日米共闘で「中国包囲網」のG20に AIIB参加の欧州との協調がカギ

2015.9.5 00:49

人民元切り下げ後の世界の株価

人民元切り下げ後の世界の株価【拡大】

 20カ国・地域(G20)財務相・中央銀行総裁会議では、参加国がどこまで中国に構造改革を迫り、景気失速懸念を解消できるかが焦点になってきた。日米の財務当局は中国に経済政策の透明性向上を求める“包囲網”を築く考えだ。ただ、中国が主導して創設するアジアインフラ投資銀行(AIIB)への参加を表明している欧州各国の舌(ぜっ)鋒(ぽう)が緩んでしまう恐れもある。
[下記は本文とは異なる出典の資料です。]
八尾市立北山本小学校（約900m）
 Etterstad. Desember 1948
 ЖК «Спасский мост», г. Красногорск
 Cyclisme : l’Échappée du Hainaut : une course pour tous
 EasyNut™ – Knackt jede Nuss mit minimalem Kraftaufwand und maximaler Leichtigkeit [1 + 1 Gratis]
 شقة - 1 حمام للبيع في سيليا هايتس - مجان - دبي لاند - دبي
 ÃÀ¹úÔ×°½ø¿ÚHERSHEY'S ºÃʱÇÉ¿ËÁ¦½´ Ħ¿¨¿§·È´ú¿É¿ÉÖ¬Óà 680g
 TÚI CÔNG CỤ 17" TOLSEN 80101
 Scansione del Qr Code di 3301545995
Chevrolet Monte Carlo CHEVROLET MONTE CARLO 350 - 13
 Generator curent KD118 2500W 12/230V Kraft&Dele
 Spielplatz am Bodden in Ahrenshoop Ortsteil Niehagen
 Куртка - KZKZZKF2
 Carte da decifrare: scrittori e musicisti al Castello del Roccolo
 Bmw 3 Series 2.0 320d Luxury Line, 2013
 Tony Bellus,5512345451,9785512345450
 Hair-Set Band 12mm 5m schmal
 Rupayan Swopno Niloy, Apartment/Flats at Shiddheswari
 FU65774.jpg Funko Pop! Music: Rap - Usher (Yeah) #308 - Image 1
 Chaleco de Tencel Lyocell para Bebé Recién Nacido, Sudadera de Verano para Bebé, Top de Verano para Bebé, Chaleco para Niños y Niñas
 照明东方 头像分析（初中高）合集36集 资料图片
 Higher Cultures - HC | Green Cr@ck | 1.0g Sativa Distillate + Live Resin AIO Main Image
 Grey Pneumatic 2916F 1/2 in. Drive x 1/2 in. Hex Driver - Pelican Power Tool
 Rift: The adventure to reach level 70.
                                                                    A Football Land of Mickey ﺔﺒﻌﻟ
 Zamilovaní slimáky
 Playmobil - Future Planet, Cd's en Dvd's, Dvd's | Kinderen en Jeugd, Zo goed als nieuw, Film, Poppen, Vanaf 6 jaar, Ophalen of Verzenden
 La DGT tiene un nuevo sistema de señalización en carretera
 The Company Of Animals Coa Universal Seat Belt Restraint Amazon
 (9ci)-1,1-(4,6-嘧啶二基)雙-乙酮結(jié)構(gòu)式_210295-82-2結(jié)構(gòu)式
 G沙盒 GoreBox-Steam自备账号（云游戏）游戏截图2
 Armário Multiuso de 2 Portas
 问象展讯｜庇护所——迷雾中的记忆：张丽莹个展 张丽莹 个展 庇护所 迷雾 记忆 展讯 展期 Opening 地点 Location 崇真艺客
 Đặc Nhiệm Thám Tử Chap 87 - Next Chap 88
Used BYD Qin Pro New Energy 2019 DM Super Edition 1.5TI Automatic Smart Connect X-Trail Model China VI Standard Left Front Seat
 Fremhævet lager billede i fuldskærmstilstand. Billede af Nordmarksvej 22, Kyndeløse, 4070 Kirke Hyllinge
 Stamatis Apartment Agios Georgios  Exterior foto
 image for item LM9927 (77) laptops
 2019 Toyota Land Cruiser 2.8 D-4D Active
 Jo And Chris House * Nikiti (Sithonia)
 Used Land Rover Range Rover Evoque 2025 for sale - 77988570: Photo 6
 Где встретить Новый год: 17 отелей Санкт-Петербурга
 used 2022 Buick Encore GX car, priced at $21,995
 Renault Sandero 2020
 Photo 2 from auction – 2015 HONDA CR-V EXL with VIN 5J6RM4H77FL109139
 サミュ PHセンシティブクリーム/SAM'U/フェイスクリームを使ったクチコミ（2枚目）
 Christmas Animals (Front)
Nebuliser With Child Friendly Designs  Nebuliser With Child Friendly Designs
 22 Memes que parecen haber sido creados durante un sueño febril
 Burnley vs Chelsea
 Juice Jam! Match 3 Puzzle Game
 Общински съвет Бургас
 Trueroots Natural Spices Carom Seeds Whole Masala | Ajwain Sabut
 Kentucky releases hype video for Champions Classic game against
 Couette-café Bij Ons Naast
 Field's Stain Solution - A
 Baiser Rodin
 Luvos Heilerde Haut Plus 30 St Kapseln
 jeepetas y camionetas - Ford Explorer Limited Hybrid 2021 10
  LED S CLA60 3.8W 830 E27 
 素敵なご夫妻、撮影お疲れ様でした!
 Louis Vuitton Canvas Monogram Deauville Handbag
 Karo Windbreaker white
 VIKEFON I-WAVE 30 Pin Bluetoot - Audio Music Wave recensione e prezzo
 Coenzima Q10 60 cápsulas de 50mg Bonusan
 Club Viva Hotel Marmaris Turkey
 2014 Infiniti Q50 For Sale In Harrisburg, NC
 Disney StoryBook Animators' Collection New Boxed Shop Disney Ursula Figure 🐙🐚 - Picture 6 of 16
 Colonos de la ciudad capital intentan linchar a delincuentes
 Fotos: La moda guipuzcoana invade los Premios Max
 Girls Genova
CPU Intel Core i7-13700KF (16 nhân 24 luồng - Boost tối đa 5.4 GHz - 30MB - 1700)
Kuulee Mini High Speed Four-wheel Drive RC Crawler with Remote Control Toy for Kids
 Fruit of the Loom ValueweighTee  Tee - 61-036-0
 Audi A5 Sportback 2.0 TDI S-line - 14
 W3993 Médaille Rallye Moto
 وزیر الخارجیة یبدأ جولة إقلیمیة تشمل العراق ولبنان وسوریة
 「G20会議では、私から中国経済について発言したい」

 麻生太郎財務相は1日の記者会見で、自ら中国問題を議論の俎上に載せると明言した。「日本経済にとっても大きな影響がある。表面的な市場の動きにとらわれることなく、中国の構造的な課題を見極めるのが重要」と説明した。

 中国人民銀行(中央銀行)は8月、輸出競争力を高めるため、人民元を3日連続で切り下げる元安誘導に踏み切った。

 ところが、10月から「元売り」の為替予約を事実上制限する新規制を導入する。行き過ぎた元安による国外への資金流出に歯止めを掛ける狙いとみられるが、「中国政府が進める為替取引の自由化に逆行し、国際的な信用を失いかねない」(国際金融の専門家)との批判も上がる。

 米国のルー財務長官は2日、テレビのインタビューで、中国当局の為替介入について「説明責任を負わせる。中国は(為替取引の自由化について)前向きな方向に向かっていることを極めて明確にしなければならない」と注文した。

 G20では、中国側が人民元切り下げの狙いを説明する見通しだが、「中国発の世界同時株安」(甘利明経済再生担当相)との先進国側の見方を批判。「米国が年内利上げの姿勢を示していることが原因」と反発しており、議論がかみ合わない可能性もある。

 一方、欧州中央銀行(ECB)のドラギ総裁は3日、中国の景気減速が欧州に波及するリスクを警戒し、国債を大量に買い取る量的緩和策の拡充を示唆した。だが、英国、ドイツ、フランス、イタリアの欧州主要4カ国はAIIBへの参加を表明し、中国との経済関係の強化を重視している。このため「欧州各国は中国の姿勢を強く問いただすことは難しい」(証券系エコノミスト)との悲観論もささやかれている。